In alluding to the Geneva Agreement, Greenidge was keen on pointing out Article IV. A section of that article states: “If the means so chosen do not lead to a solution of the controversy, the said organ or, as the case may be, the Secretary-General of the United Nations shall choose another of the means stipulated in Article 33 of the Charter of the United Nations, and so on until the controversy has been resolved, or until all the means of peaceful settlement there contemplated have been exhausted.”

Article 33 of the UN Charter provides a menu of options among them negotiation, enquiry, mediation, conciliation, arbitration and judicial settlement.
The foreign secretary said it was on the basis of the Geneva Agreement that the controversy was referred to the ICJ by the UN Secretary-General Antonio Gutteres in January 2018 after the Good Offices Process had proven to be unsuccessful. The matter was referred to the ICJ, approximately three years after a request was made by Guyana.

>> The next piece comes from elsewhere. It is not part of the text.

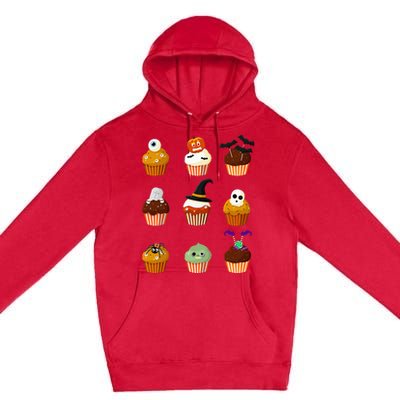 Spooky Cupcake Halloween Outfit Premium Pullover Hoodie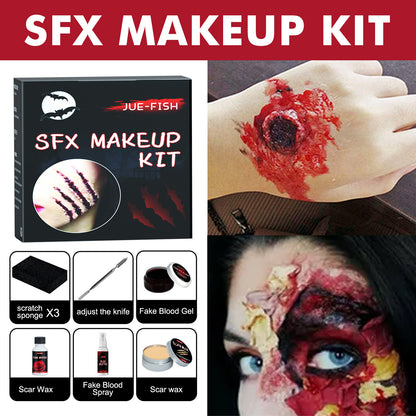 US Local Halloween Makeup Kit, Simulates Plasma Skin Wax-Shaped Scar Water Wound Makeup Halloween Makeup Kit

The foreign secretary recalled that it was in September 2015, that President David Granger called upon the then UN Secretary-General Ban Ki moon to have Venezuela’s contention that the Arbitral Award of 1899 is “null and void” settled with finality by judicial process, as per the Geneva Agreement.

Greenidge said Guyana had argued then and its position remains the same today, that Venezuela has a legal contention – “one eminently suited to resolution by the world’s highest juridical body.” In response, the then UN Secretary-General in November, 2015 proposed “The Way Forward,” Greenidge told the students, explaining that it was intended that the two countries would have engaged in a final 12-month continuation of the Good Offices Process.

He noted that on December 12, 2016, in conjunction with his successor, the then Secretary-General designate, Antonio Guterres and the secretary-general decided that the Good Offices Process would have continued with a strengthened mandate of mediation for one final year. But by the end of 2017, the UN Secretary-General concluded that significant progress had not been made toward arriving at a full agreement for the solution of the controversy. It was thereafter, in January 2018, that the controversy was referred to the ICJ by Guterres.

“Given the failure, since independence of the means of settlement chosen to resolve the controversy and the detrimental impact on Guyana’s development prospects, a resolution of the controversy by judicial settlement seems to be the only feasible option at this time,” Greenidge said, while noting that the decision of the UN was welcomed by all of Guyana. On March 29, 2018, Greenidge, while serving as Minister of Foreign Affairs and as the country’s agent, filed Guyana’s Application with the ICJ in The Hague.

Greenidge told the students that since Venezuela made its claim, there have been several incidents involving military force, coercion and bullying by the Spanish-speaking country against Guyana.

Military Force and the threat of force included Ankoko Island, Cuyuni occupation (1966); the Sponsored Rupununi uprising 1969; the Leoni Decree – the attempt to seize territorial sea (1968); assault on Eteringbang outpost 1970 & innumerable subsequent military acts; the military seizure of Technics Perdana — seismic survey vessel of Anadarko in 2013; and most recently, the attempted boarding of seismic vessel Ramform Tethys (December 22, 2018).